Autre contrariété, l'inutilité de ces voyages ne peut être occultée. Et l'auteur à la fin de son livre nous fait douter du bien fondé de sa recherche, durant des pages il doute et nous fait attendre, il n'arrive pas à refermer la boucle, un peu comme dans un repas copieux, on attend le désert qui ne vient pas, peut être n'y aura t il pas de dessert.

Mais si, il y a aura du dessert, et une réflexion unique sur la Genèse, la volonté de Dieu de détruire les hommes par le déluge, notre désir de croire sans faire attention à la réalité, le fait que l'on ne peut pas oublier qu'il y avait des polices juives, qui savaient qui était qui et où, et qui dénonçaient, c'était leur boulot. Réflexion aussi sur la trahison en ce cas mortelle, la recherche du passé « ne te retournes pas », laisse les morts, ou bien, ce que fait Daniel Mendelsohn, redonne vie aux disparus qui par la force de son livre, ont un visage, une stature, une voix même « fière, désespérée, dictatoriale, amère, pleine d'espoir, épuisée, troublée »Une vie certes courte, mais dont l'ampleur nous encourage, nous, pauvres humains, à poursuivre la nôtre.

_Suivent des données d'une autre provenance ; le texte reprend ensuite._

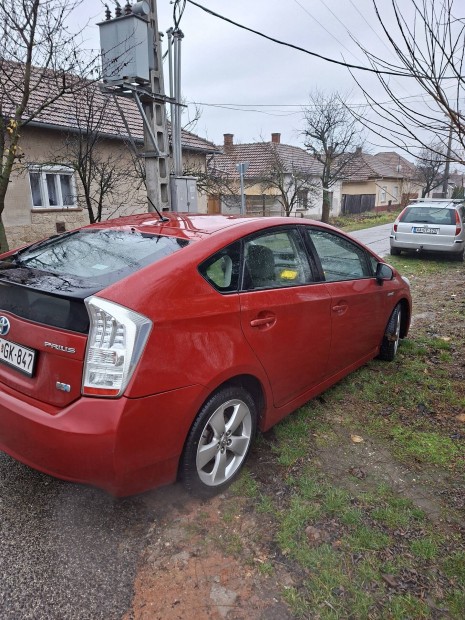 Nagyon gazdas�gos �s megbizhat� j�rm�.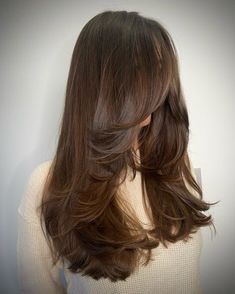 Butterfly Hairstyle, Long Hair With Layers, Blonde Layered Hair, Butterfly Cut, Hair Tint, Straight Hair Cuts, Hair Inspiration Long, Haircut Inspo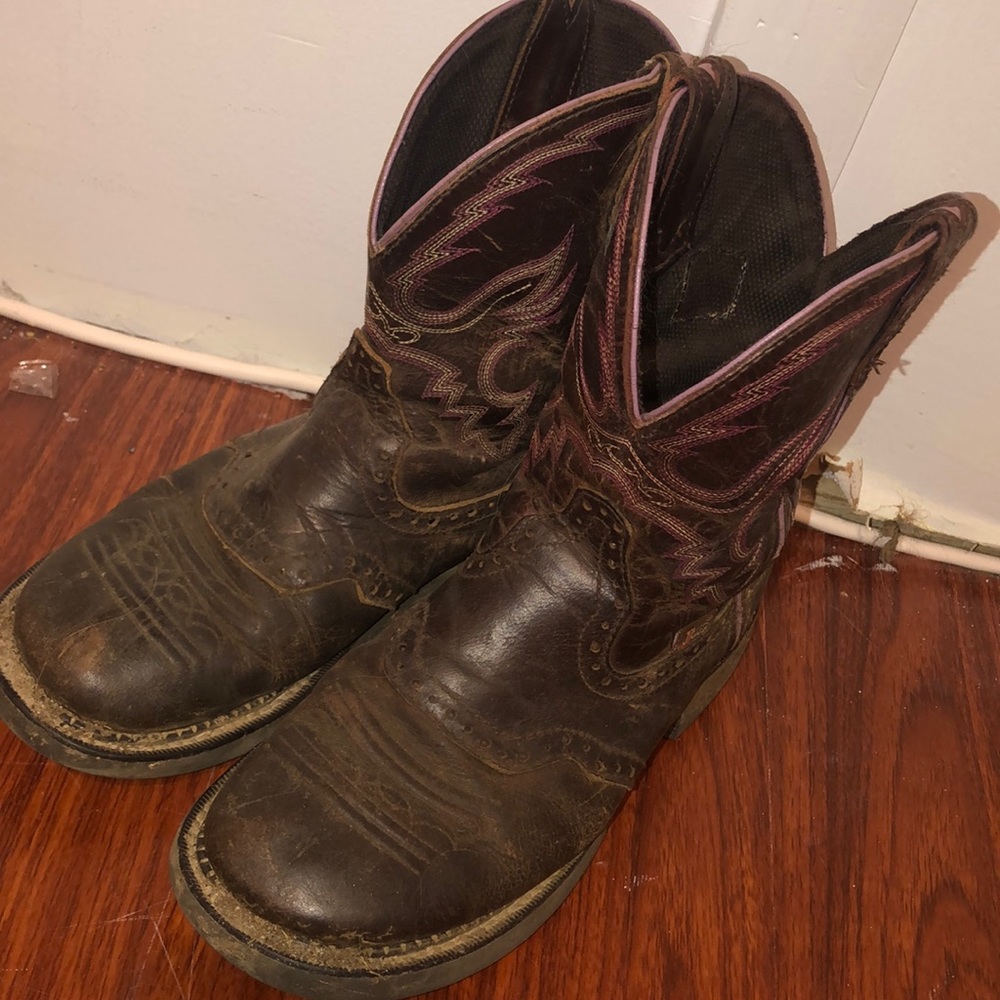 Women’s size 7 1/2 Justin Cowgirl Boots.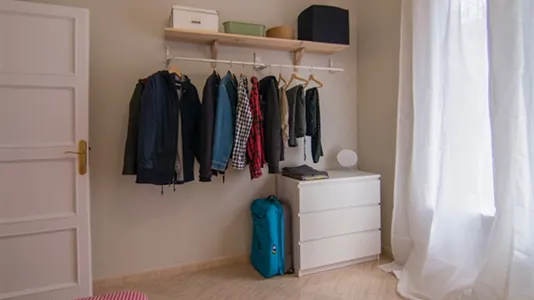 Rooms in Barcelona Eixample - photo 7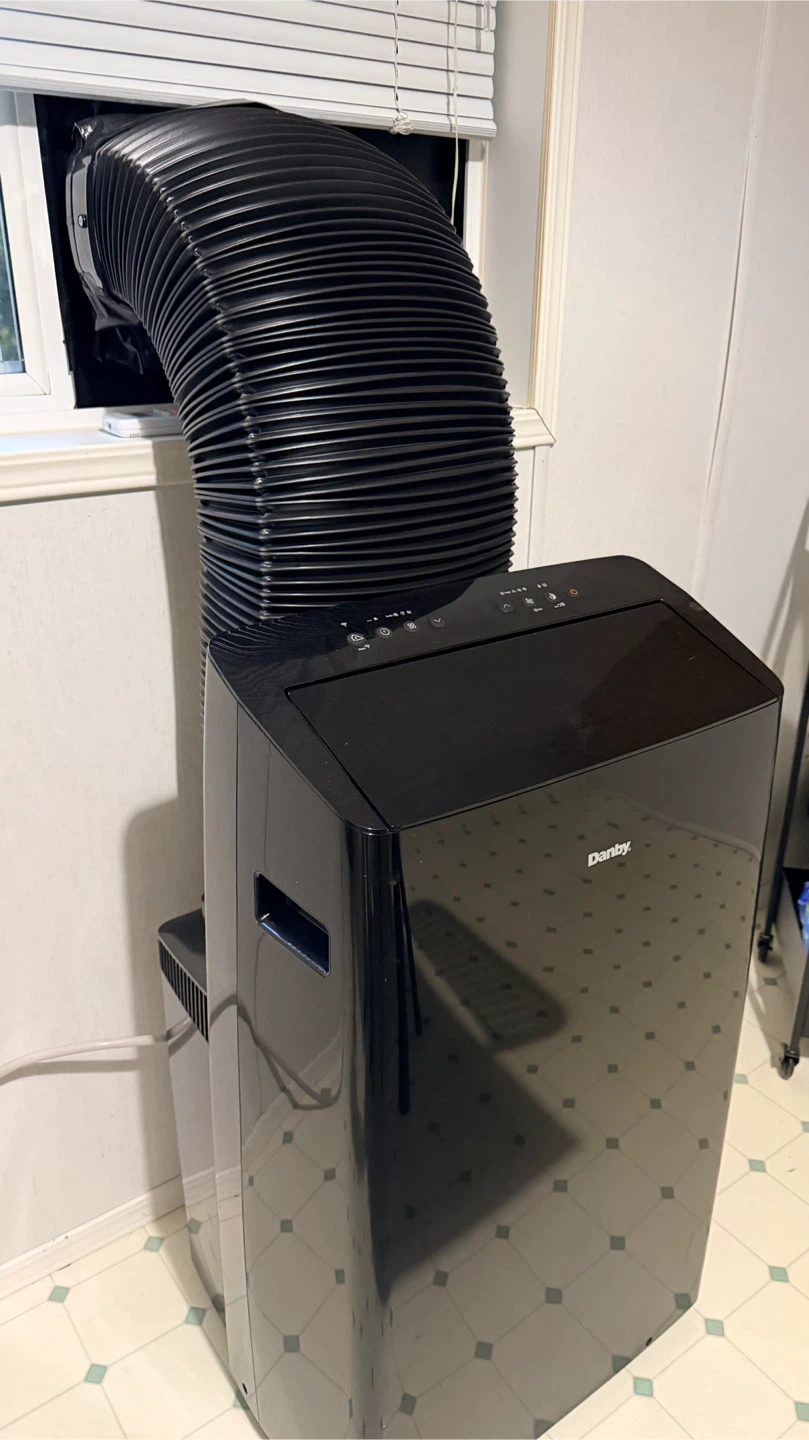 Danby Portable Air Conditioner - photo 2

Livre unique, qu'après plusieurs lectures me laisse encore plus ébahie de sa culture (évocation de l'amour de Didon et Enée et de l'abandon d'Enée qui brise le coeur de Didon), par ses questions, (pour sauver ma famille, serai,-je entré dans la police juive ?) par la succession de « coïncidences », qui prouvent que le chemin est juste et par sa quête elle même, admirable comme l'écriture qui la raconte.